AI and Documentation
Using LLMs to Assist with Documentation
TL;DR
AI has always shortened the amount of time it takes to produce documentation, allowing developers to vastly increase the amount of time they can spend working on integration solutions and producing deliverables that we provide to our customers. As the LLMs improve not only in their intelligence level, but also with their integration capabilities, the tedium of documentation is further reduced, which subsequently increases developer productivity.

LLM Selection
In this day and age of the AI boom, there are a whole host of companies each of whom have multiple LLM models to choose from, each seeming to have an area they specialize in to set them apart from their competitors.
Gemini for instance, is automatically integrated into our Google accounts, assisting with emails and chats, suggesting revisions, autocompleting common phrases, and summarizing Google search results in a succinct way.
ChatGPT, one of the first of its kind, is touted as a great general purpose AI tool that provides detailed information on just about every topic imaginable, with the ability to carry on a natural conversation and have your responses tailored to your exact word choice or use case.
Copilot was groundbreaking when we gained the ability to integrate it directly into our IDEs, offering advantages such as context based code completion and suggestion, the ability to write and/or modify code for you directly in your development environment in real time, rather than having to cherry pick the few useful lines of information from a larger response another LLM may have given you.
All of these advantages together have made successful strides to increase developer productivity, but the one that has caused the biggest wave in my opinion, is Claude by Anthropic.

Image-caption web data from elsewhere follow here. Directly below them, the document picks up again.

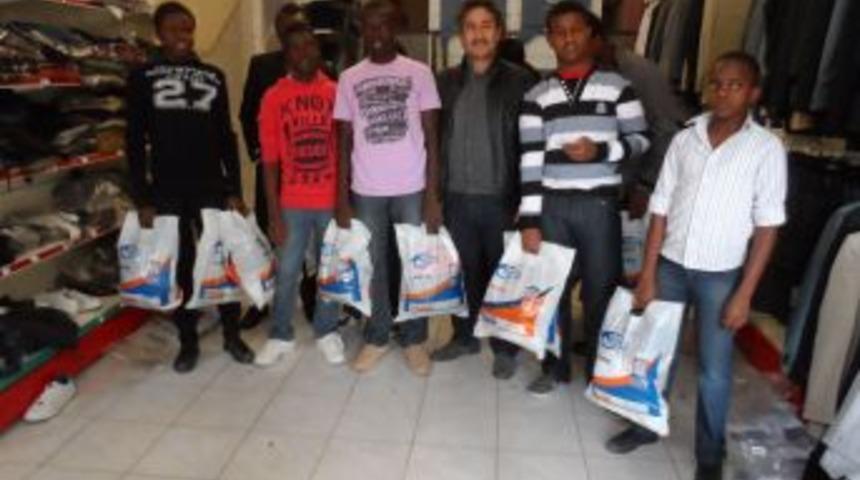 Afrikalı &Ouml;ğrenciler Kimse Yok Mu Iyilik Merkezinde Giydirildi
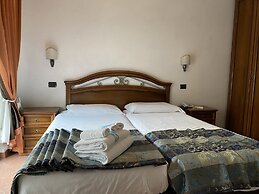 Euro House Inn Airport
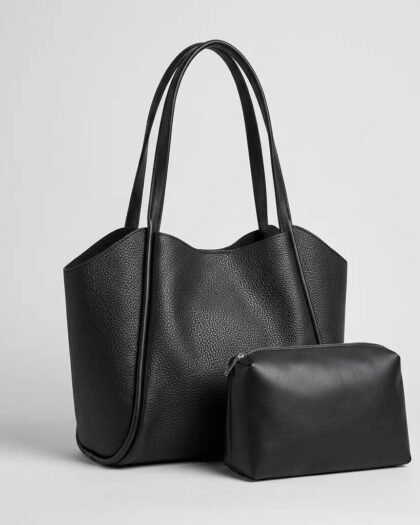 Kadın Siyah Yumuşak Deri Omuz Çantası 30x25 cm Ekstra Makyaj Çantalı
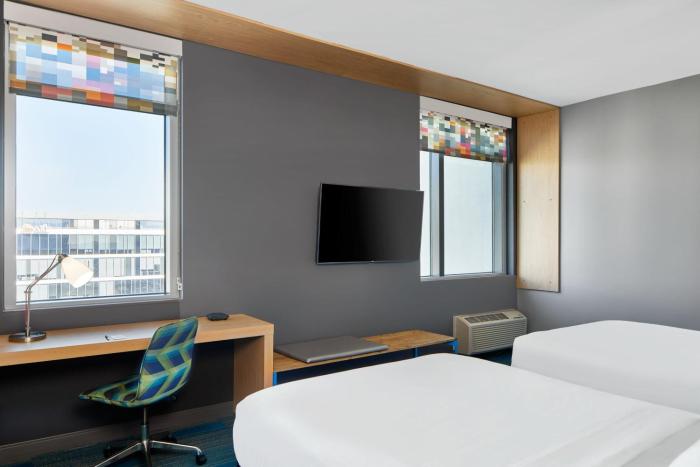 aloft miami aventura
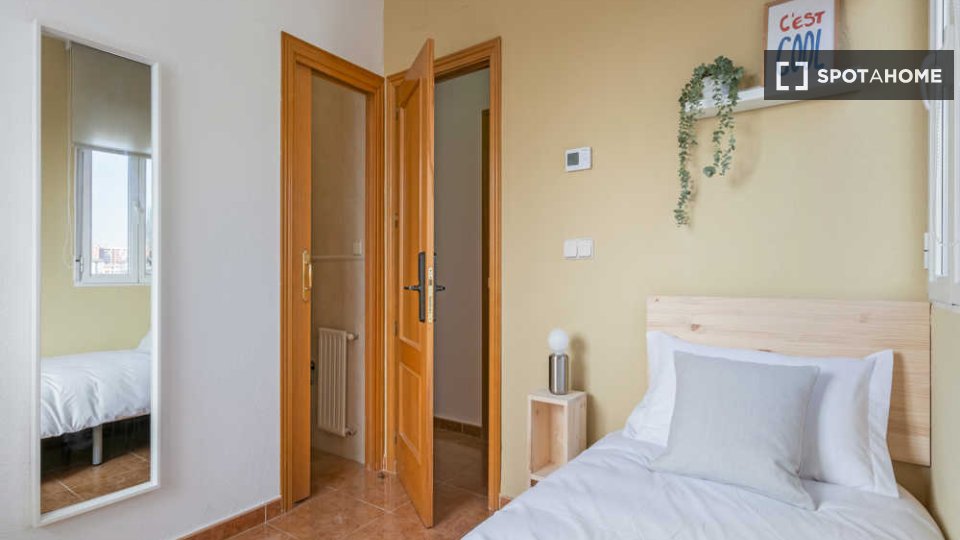 Chambre double Madrid, 34 chambres — photo 11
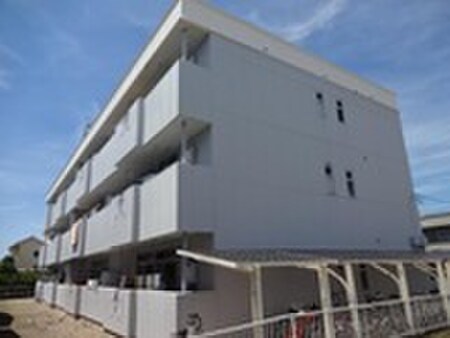 ロイヤルハイム外観写真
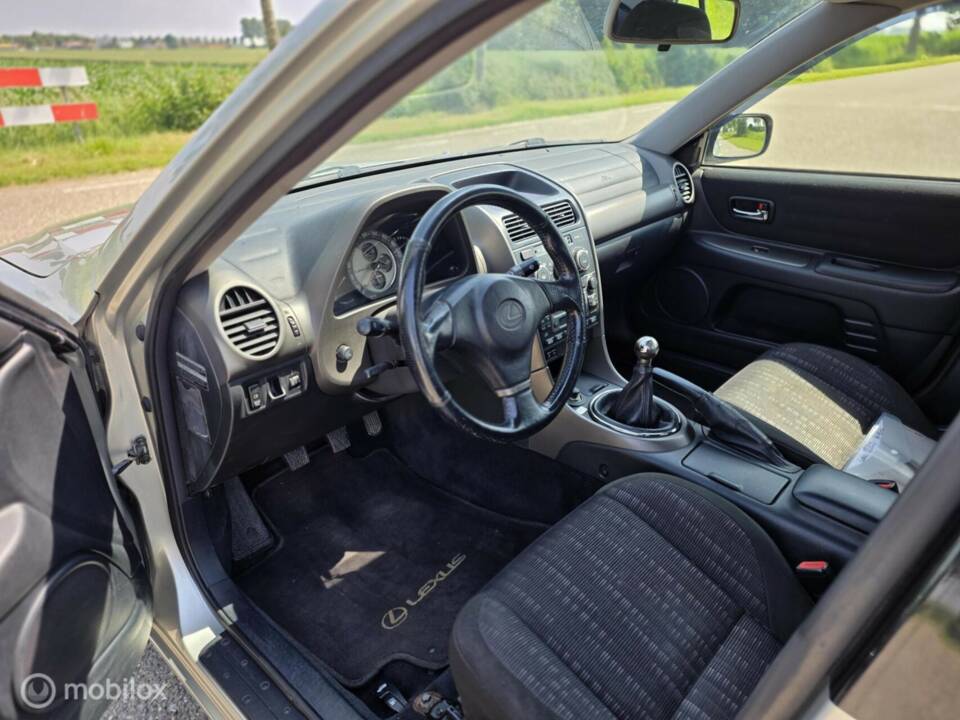 Afbeelding 13/33 van Lexus IS 200 (2001)
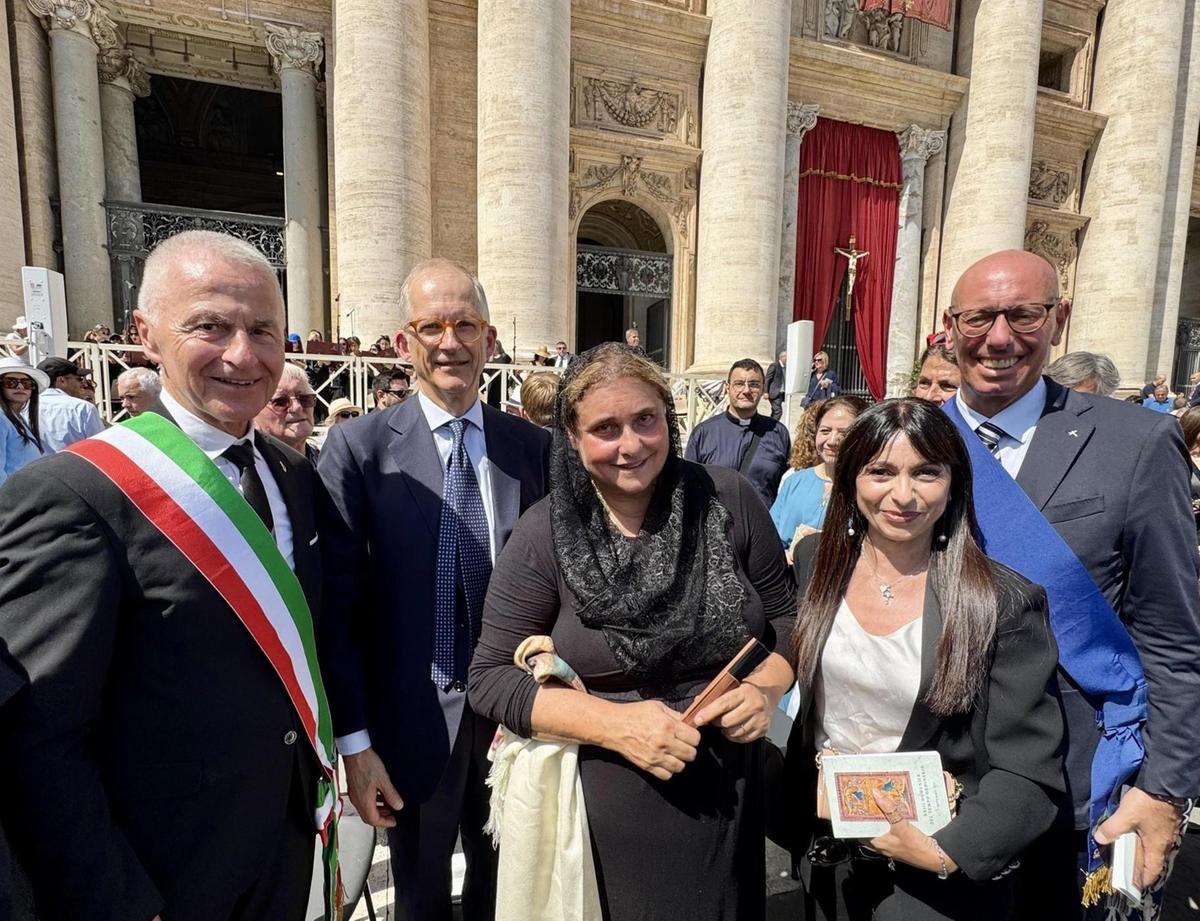 Campane e gioia ad Assisi : "Evento storico per la città che lo ha accolto con amore"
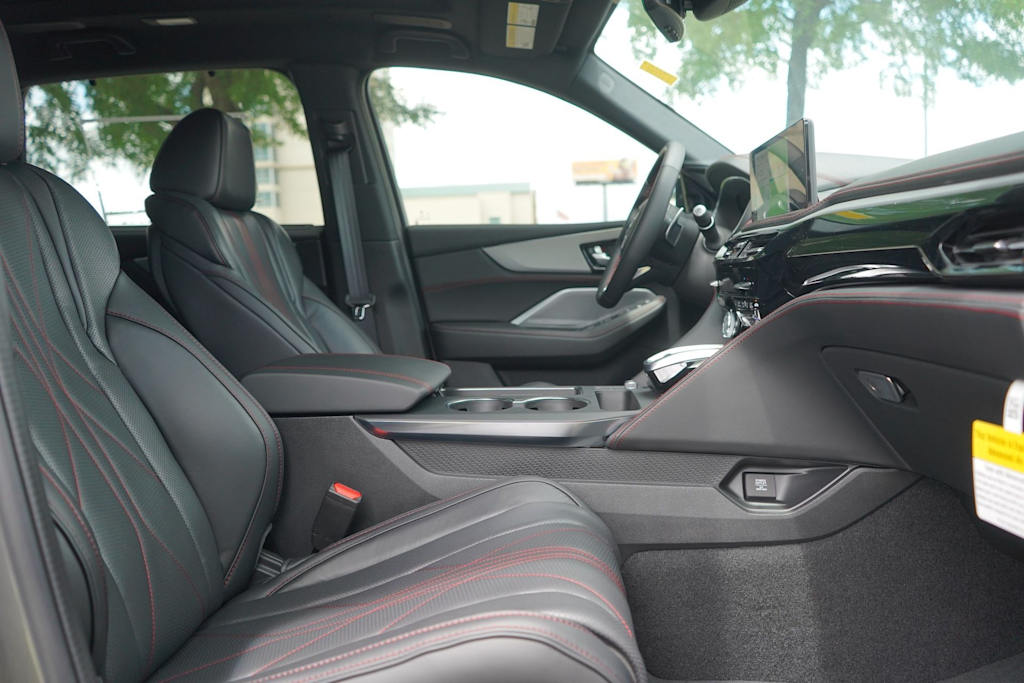 Thumbnail: 2026 Acura MDX - 12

I initially was quite tied to ChatGPT for a long time as my all-purpose go to for technical questions and I was introduced to Claude as a replacement for that sole purpose.
Within mere weeks of making the switch, I not only noticed Claude’s advantages in intelligence and reasoning, but also with its further integration capabilities, namely its ability to be integrated into my terminal, allowing it access to all the same info and context that I as a developer have when working on a project. As such, its ability to read, write, review, and create detailed documentation from nothing, far outclasses any of the other LLMs I’ve used in the past.
Claude and Documentation
No developer I know enjoys having to write documentation. It must be neat, accurate, thorough, and all encompassing, and ensuring our documentation abides by these standards takes a significant amount of time and care. But it’s something that we at Behaim have made our customers grow to expect from us as a standard part of our services, so it’s a job that must be done as diligently as the integration that it accompanies.
In the past I have used LLMs to assist with documentation, but it still involved quite a bit of thought on the authors’ part, as well as quite a bit of copy paste, and particularly reformatting in a way that is legible and presentable. This is a task now trivialized by Claude (and more specifically Claude Code) and is something that, in my opinion, sets it far apart from other LLMs.
Using Claude Code to directly integrate into my terminal, and thus giving it the ability to read the full context of my file system (or project root of whatever I may be working on), it can quickly scan and understand why something was implemented a certain way, and to describe how it works. Whether the project has the simplicity of a few script files or is comprised of many microservices with dependencies on other files in other directories, Claude Code is able to quickly extrapolate and summarize all this information and put it into an organized document in a matter of minutes, compared to what might take a developer hours or even days.
We typically provide our customers with different types of documentation throughout the course of the project, be it an as is analysis at the start, describing the current state of the client environment before we are involved, or a “readme” or a “how-to” in the event that we migrate a client to a new platform or tech stack that requires a knowledge transfer. Whatever the case is, be it readme, a guide, technical documentation, or anything in between, Claude Code has been able to cut down hours to minutes, collectively saving me and other developers valuable time that can now be spent more productively on more technical tasks.
Documentation in Practice
The ability of Claude to provide top tier documentation is particularly topical for me as the past 3 weeks have been spent analyzing and documenting a new client environment. The start of any project will always be documentation heavy, and this was my first time starting a new project with Claude Code in my toolkit.

Reformatting this table took less than 30 seconds with the help of Claude Code, you can see my question to it at the top specifying which file I want it to look at, where in the file, and what I want it to do
All the time I’ve saved by using Claude Code to write and format my documentation has allowed me the flexibility to multitask on both the documentation, while being able to get a jump start on the actual implementation in tandem, which otherwise would have taken weeks separate from the documentation, putting me far ahead on where I would be without Claude.
Overall, documentation is just one area of many in a programmer’s day to day that Claude has been able to streamline that I can speak to from personal experience. In just a few short weeks it’s already saved me numerous time and headaches and I am not the only developer who feels this way, and I am sure my use of it will only get more frequent.